**PROBLEM TO SOLVE:** Retype each entry below exactly as it stands.

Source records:

########################################

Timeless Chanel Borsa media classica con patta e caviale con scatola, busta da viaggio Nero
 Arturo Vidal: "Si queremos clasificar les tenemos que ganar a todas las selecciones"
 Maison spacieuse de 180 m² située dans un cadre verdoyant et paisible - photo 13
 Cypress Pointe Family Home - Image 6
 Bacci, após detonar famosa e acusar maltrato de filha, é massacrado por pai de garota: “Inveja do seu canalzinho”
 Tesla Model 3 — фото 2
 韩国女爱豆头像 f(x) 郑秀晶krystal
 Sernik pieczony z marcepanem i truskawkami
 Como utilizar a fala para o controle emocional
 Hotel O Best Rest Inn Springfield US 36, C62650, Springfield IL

########################################

**RESULT FOR THIS TASK:**
Timeless Chanel Borsa media classica con patta e caviale con scatola, busta da viaggio Nero
 Arturo Vidal: "Si queremos clasificar les tenemos que ganar a todas las selecciones"
 Maison spacieuse de 180 m² située dans un cadre verdoyant et paisible - photo 13
 Cypress Pointe Family Home - Image 6
 Bacci, após detonar famosa e acusar maltrato de filha, é massacrado por pai de garota: “Inveja do seu canalzinho”
 Tesla Model 3 — фото 2
 韩国女爱豆头像 f(x) 郑秀晶krystal
 Sernik pieczony z marcepanem i truskawkami
 Como utilizar a fala para o controle emocional
 Hotel O Best Rest Inn Springfield US 36, C62650, Springfield IL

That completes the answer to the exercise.